Just got off the phone with a company called Clear Insights. It's a polling company. At the start it seemed like a fair poll but the further it went on it clearly became a push poll trying to imply some totally ridiculous positions to my Rep. Dan Kildee. I came right out and said "Now your're getting into totally bullshit questions and I'm done."

I'm suspecting this was contracted by Paul Junge, the likely GOP candidate against Kildee and a total lying shitbag.
 
Add another wrinkle to the insanity that is the 2014 midterms: Courts will still be deciding whether states have the right to restrict "false" campaign ads.

The Supreme Court on Monday ducked the biggest questions in a potentially significant First Amendment case about political attack ads and how state governments can regulate them. But it said those issues should continue to play out in lower courts.

This all started with an anti-Obamacare billboard in 2010. The Susan B. Anthony List, an anti-abortion-rights group, wanted to put up a billboard attacking then-Rep. Steve Driehaus over his vote for the Affordable Care Act. "Shame on Steve Driehaus! Driehaus voted FOR taxpayer-funded abortion," the billboard read.
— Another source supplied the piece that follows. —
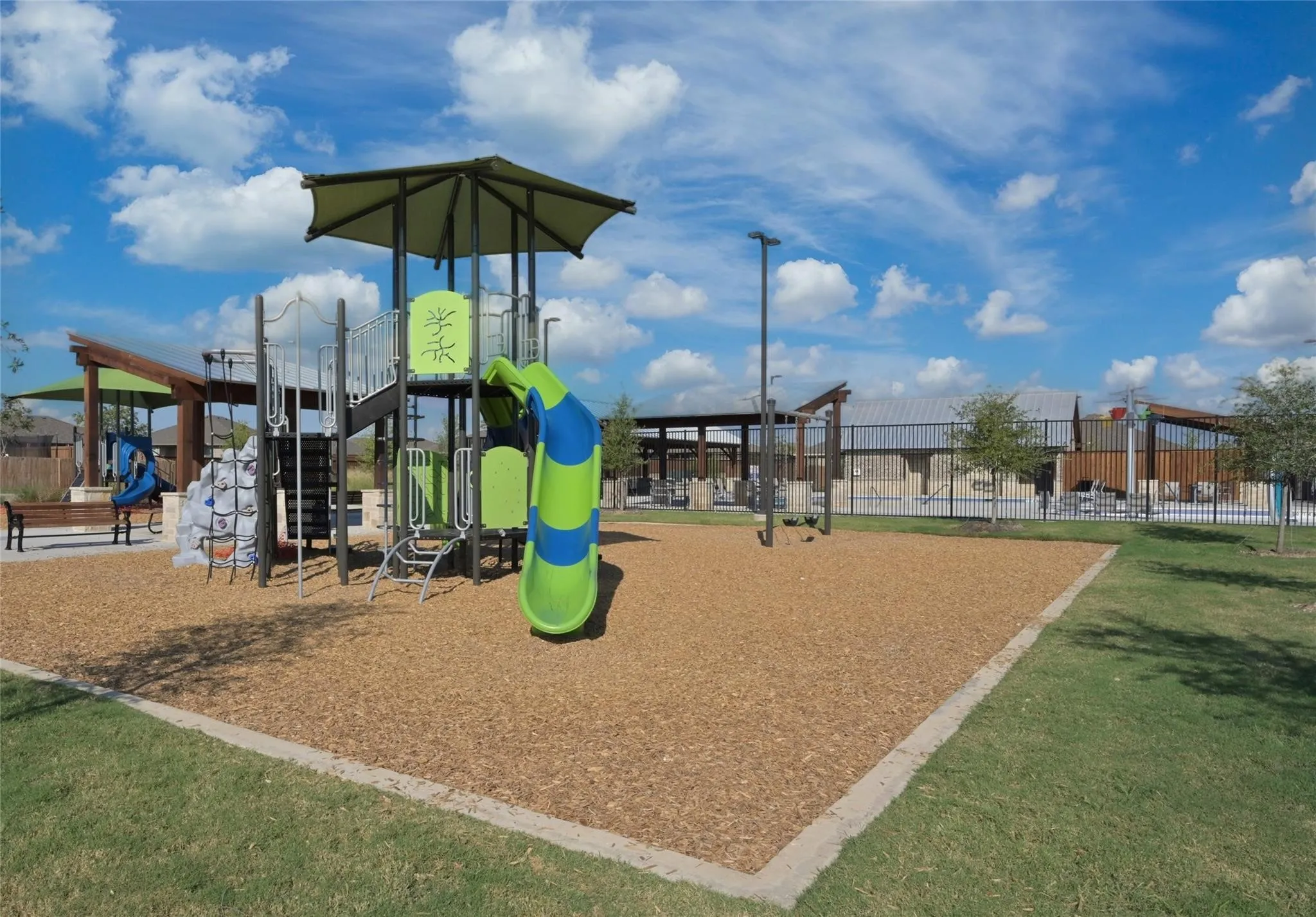 Playground area featuring a multi-level structure with slides and climbing elements set on a wood chip surface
Driehaus said the attack was false, and his state — Ohio — bans false ads.

SBA List never put up the billboard in question, but it challenged the Ohio law as unconstitutional. State governments have no business deciding what can be said in a political campaign, or serving as the arbiters of what's true or false, SBA List argued.

A federal appeals court tossed out SBA List's suit on procedural grounds. The Supreme Court reversed that decision in a unanimous ruling Monday, saying the suit can proceed.
 
This is the death of democracy. The Government shouldn't be in a position of saying what is and isn't true. But, it shouldn't be required to be that arbiter as people should be able to manage it themselves, like adults. But the alt-right is now consumed with falsehoods. Q-Anon, Trump, OANN (because Fox News wasn't radical enough). It is destroying us and I can easily seeing this SCOTUS rubber stamping free false speech, and then insulating the speakers of false speech against politicians by saying the politicians are public figures.

And our slide into authoritarianism continues.
 
One wonders, if the awfulness of the extremist GOP results in Democratic gains in Senate and house, how would this affect 2024? Would the GOP double down on the crazy? Or back off to avoid political slaughter at hands of angy, young women voters?
 
One wonders, if the awfulness of the extremist GOP results in Democratic gains in Senate and house, how would this affect 2024?
The GOP are ecstatic that the supreme court used 17th Century Witch Hunters to ban abortion. They'll probably find other ways to emulate what passed for "Democracy" in that era.



Oh, wait. That's hardly news, is it?
 
JD Vance Suggests People in ‘Violent’ Marriages Shouldn’t Get Divorced
JD Vance said people need to be more willing to stay in unhappy marriages for the sake of their kids—and seemed to suggest that in some cases, “even violent” marriages should continue.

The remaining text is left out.